→ **The data**
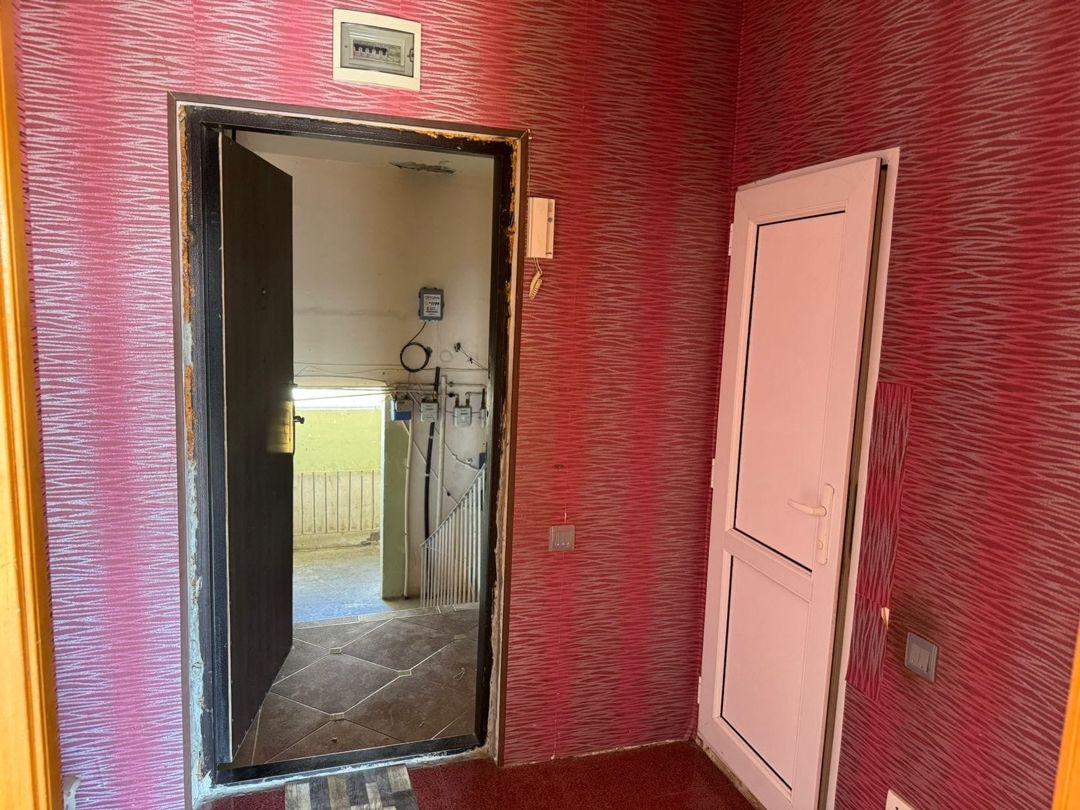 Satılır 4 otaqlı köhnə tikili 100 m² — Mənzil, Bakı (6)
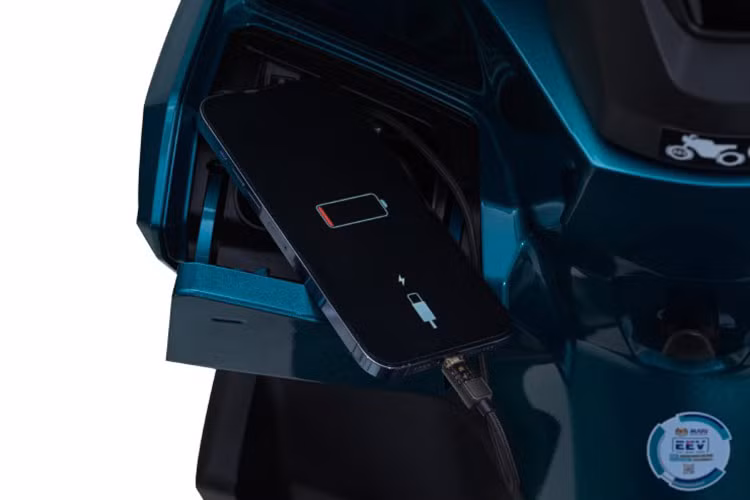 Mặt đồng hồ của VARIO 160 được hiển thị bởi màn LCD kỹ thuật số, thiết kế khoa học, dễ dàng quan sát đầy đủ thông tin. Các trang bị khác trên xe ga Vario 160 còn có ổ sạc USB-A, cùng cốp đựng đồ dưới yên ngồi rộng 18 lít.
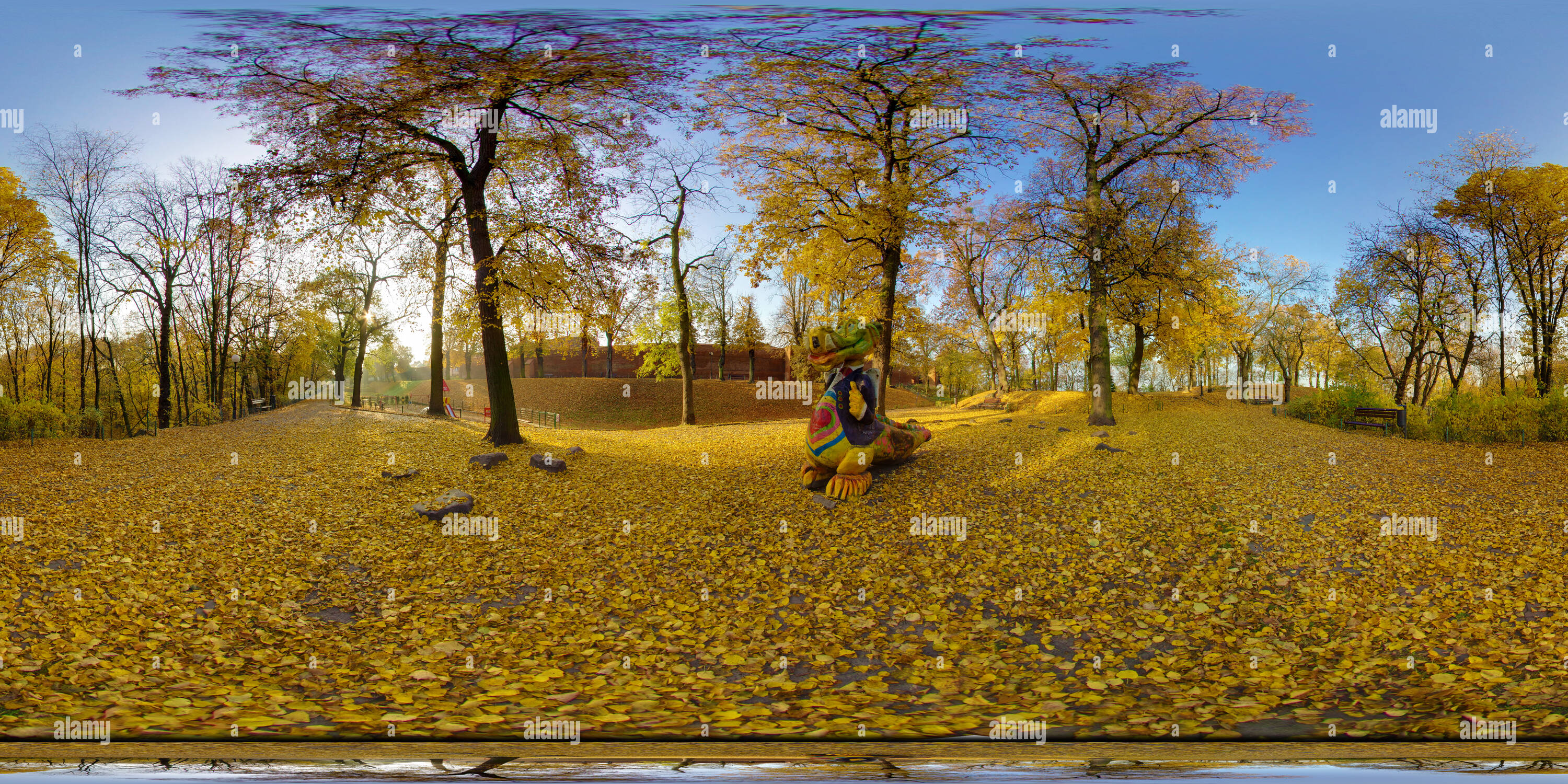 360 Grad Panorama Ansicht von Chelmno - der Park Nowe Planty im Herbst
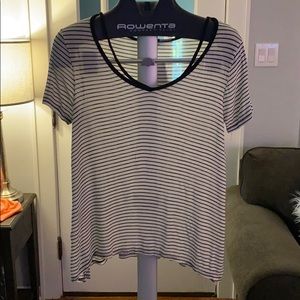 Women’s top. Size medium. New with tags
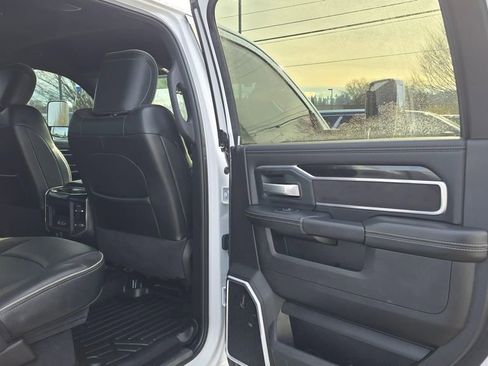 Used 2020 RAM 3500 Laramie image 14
--
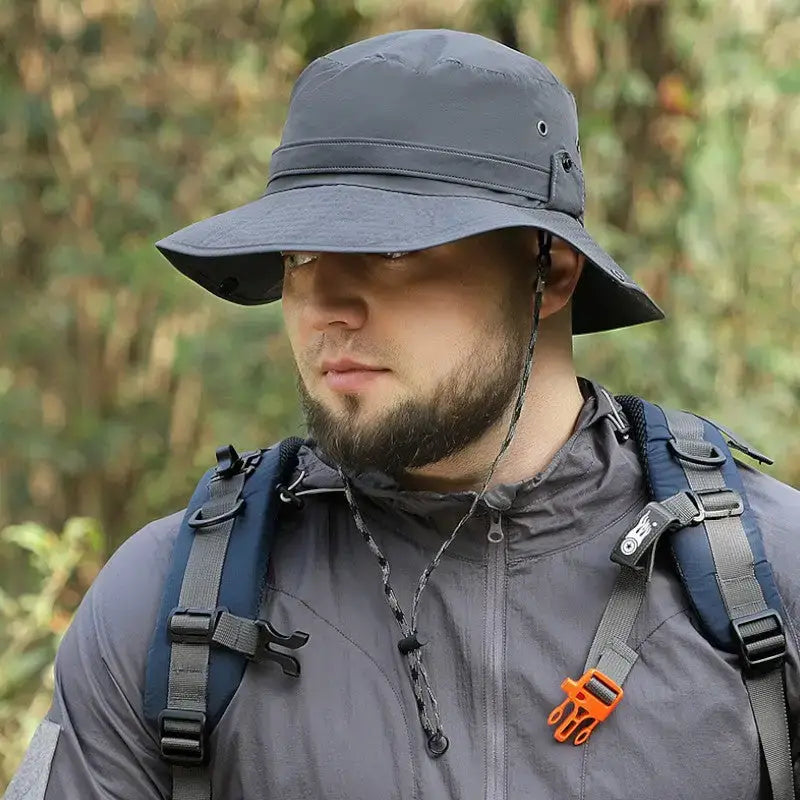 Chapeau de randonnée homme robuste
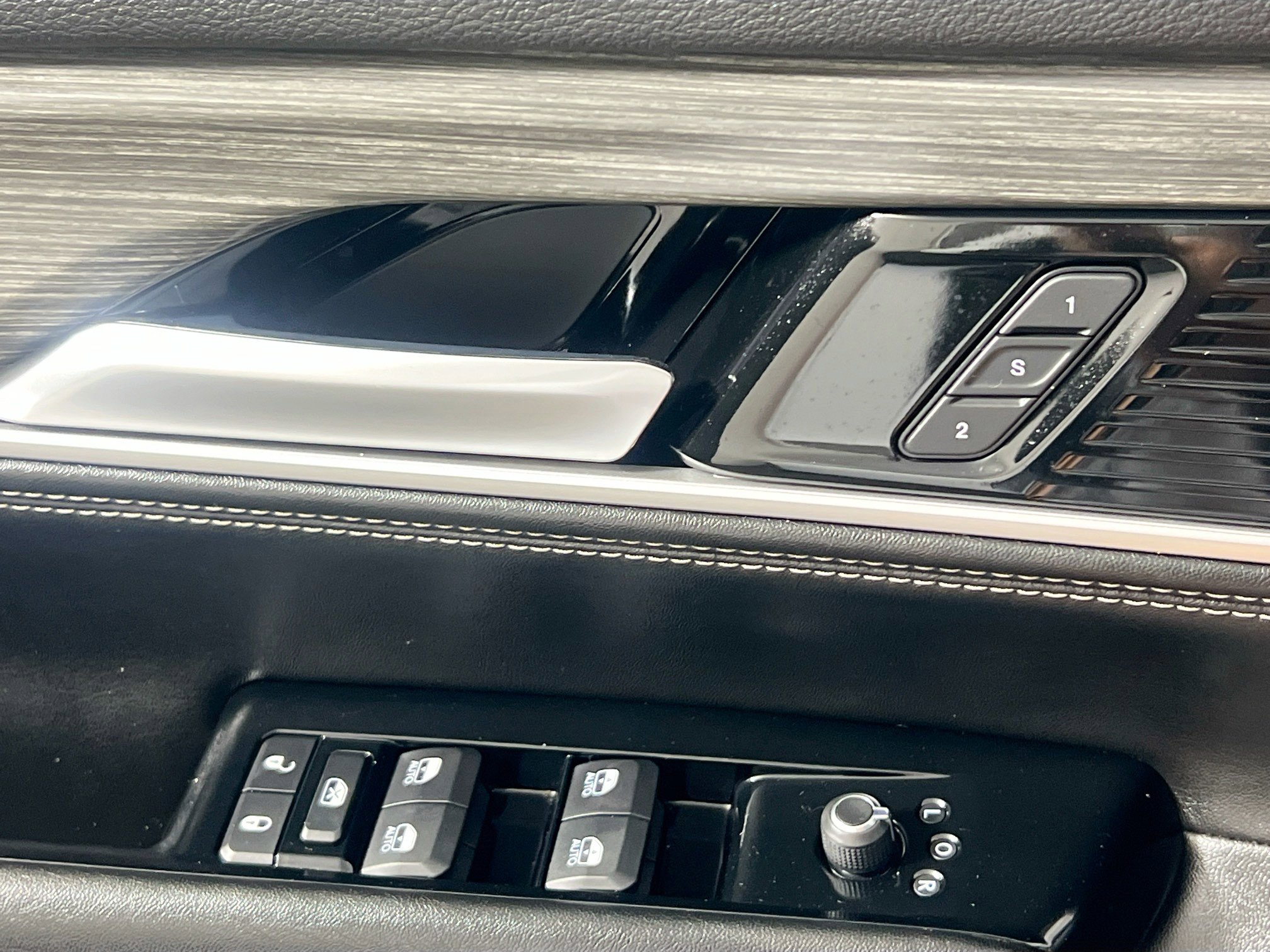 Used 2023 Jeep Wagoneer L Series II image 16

→ **Work to complete**
The lines to set down run from the line with "360 Grad Panorama" up to and including the line with "Used 2020 RAM 3500 Laramie image 14" in the entries above. Reproduce them exactly, with no pictures.

→ **Completed task**
 360 Grad Panorama Ansicht von Chelmno - der Park Nowe Planty im Herbst
 Women’s top. Size medium. New with tags
 Used 2020 RAM 3500 Laramie image 14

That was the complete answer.